### Problem statement
The answer must be the lines from the one that holds "CALHA PARA CARRO" through the final line of the data, copied exactly, with no pictures.

### Source data
┌────────

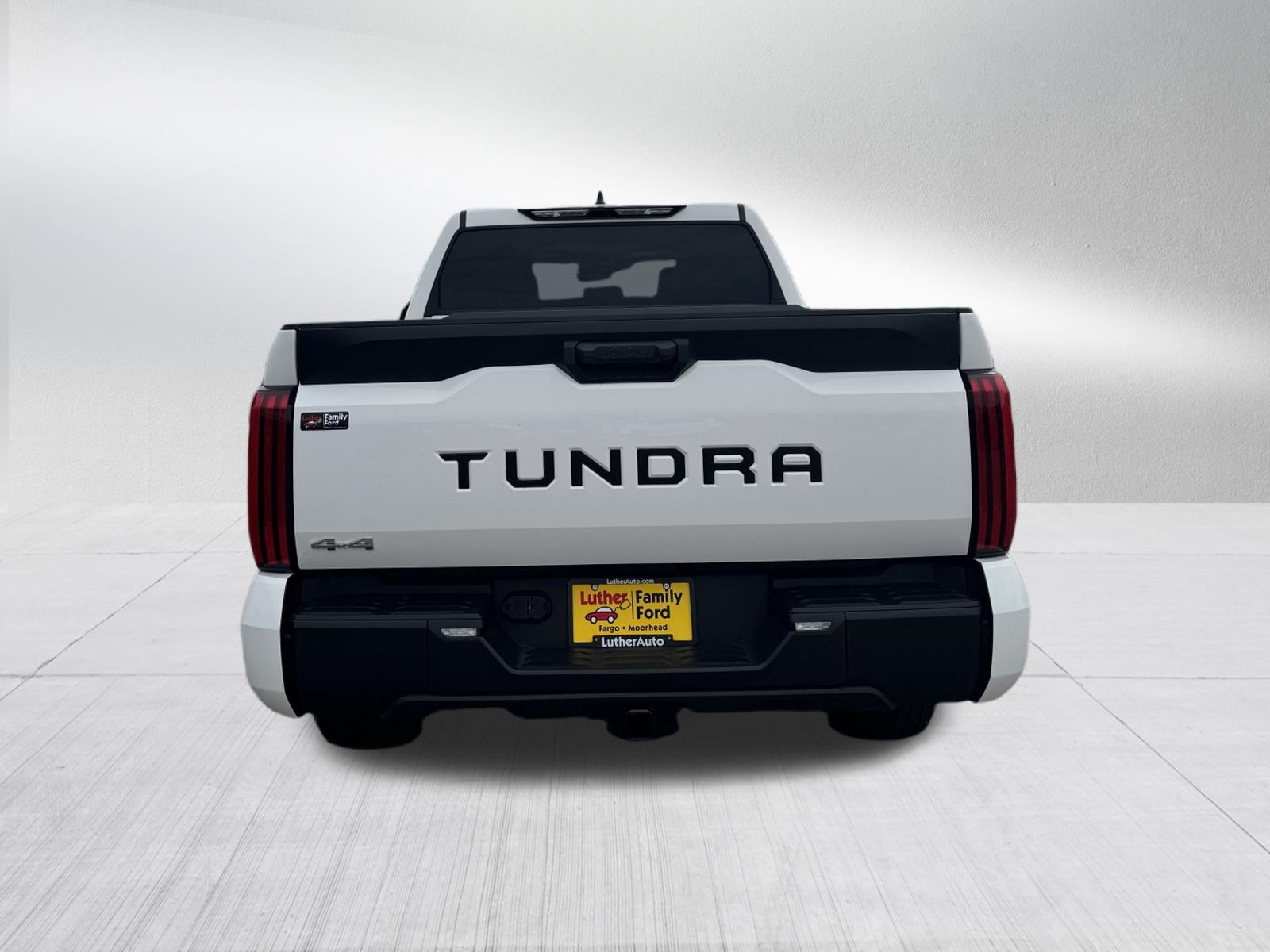 Used 2025 Toyota Tundra SR5 w/ SR5 Premium Package AWD/4WD image 6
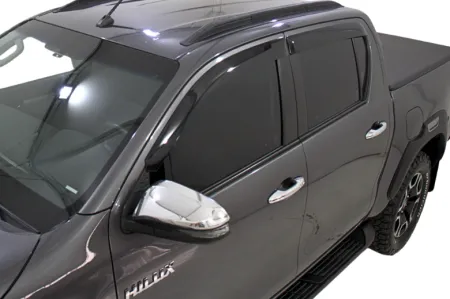 CALHA PARA CARRO (DEFLETOR) HILUX CAB.DUPLA 05/15 4 PORTAS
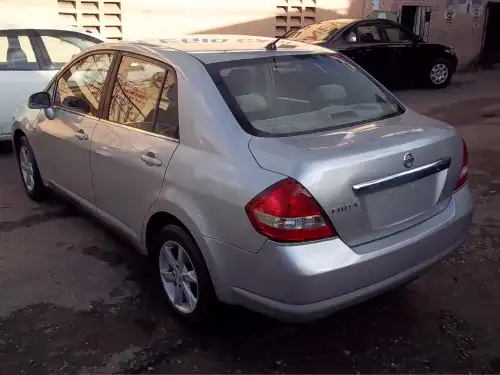Ofertna Nissan Tiida 2008 Inicial 80,000 Acbado Detraer Financiamient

└────────

### Task result
 CALHA PARA CARRO (DEFLETOR) HILUX CAB.DUPLA 05/15 4 PORTAS
Ofertna Nissan Tiida 2008 Inicial 80,000 Acbado Detraer Financiamient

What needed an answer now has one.